*Work required*: The lines below, beginning at the one that contains "Hotel Stradivari 3*" and ending at the last, are to be retyped exactly.

*Data for processing*:
§ §

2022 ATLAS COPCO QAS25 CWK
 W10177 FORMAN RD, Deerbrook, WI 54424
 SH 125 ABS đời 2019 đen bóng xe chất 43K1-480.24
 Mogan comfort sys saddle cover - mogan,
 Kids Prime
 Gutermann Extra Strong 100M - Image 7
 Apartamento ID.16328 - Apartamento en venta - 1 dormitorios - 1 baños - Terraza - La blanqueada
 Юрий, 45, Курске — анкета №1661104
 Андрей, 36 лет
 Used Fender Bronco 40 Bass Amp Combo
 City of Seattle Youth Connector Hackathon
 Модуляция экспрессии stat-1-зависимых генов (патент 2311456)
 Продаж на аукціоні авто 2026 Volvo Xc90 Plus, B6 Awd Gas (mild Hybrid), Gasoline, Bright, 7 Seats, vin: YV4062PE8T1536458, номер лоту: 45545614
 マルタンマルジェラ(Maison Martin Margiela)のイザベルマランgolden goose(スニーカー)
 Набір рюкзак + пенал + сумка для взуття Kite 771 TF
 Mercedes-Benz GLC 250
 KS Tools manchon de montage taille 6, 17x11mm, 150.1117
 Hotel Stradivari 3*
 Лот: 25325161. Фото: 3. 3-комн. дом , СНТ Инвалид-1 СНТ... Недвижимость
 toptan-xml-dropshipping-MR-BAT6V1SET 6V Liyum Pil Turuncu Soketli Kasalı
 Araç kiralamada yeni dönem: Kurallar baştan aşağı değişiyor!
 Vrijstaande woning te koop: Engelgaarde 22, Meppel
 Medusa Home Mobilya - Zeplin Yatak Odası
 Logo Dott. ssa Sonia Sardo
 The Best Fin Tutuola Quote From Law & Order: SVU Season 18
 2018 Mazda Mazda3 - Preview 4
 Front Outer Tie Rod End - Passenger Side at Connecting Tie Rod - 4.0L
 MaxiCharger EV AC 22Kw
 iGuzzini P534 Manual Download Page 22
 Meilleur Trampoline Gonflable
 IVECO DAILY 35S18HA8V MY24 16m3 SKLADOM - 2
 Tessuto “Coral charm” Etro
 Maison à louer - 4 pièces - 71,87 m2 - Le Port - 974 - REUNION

§ §

*Answer box*:
 Hotel Stradivari 3*
 Лот: 25325161. Фото: 3. 3-комн. дом , СНТ Инвалид-1 СНТ... Недвижимость
 toptan-xml-dropshipping-MR-BAT6V1SET 6V Liyum Pil Turuncu Soketli Kasalı
 Araç kiralamada yeni dönem: Kurallar baştan aşağı değişiyor!
 Vrijstaande woning te koop: Engelgaarde 22, Meppel
 Medusa Home Mobilya - Zeplin Yatak Odası
 Logo Dott. ssa Sonia Sardo
 The Best Fin Tutuola Quote From Law & Order: SVU Season 18
 2018 Mazda Mazda3 - Preview 4
 Front Outer Tie Rod End - Passenger Side at Connecting Tie Rod - 4.0L
 MaxiCharger EV AC 22Kw
 iGuzzini P534 Manual Download Page 22
 Meilleur Trampoline Gonflable
 IVECO DAILY 35S18HA8V MY24 16m3 SKLADOM - 2
 Tessuto “Coral charm” Etro
 Maison à louer - 4 pièces - 71,87 m2 - Le Port - 974 - REUNION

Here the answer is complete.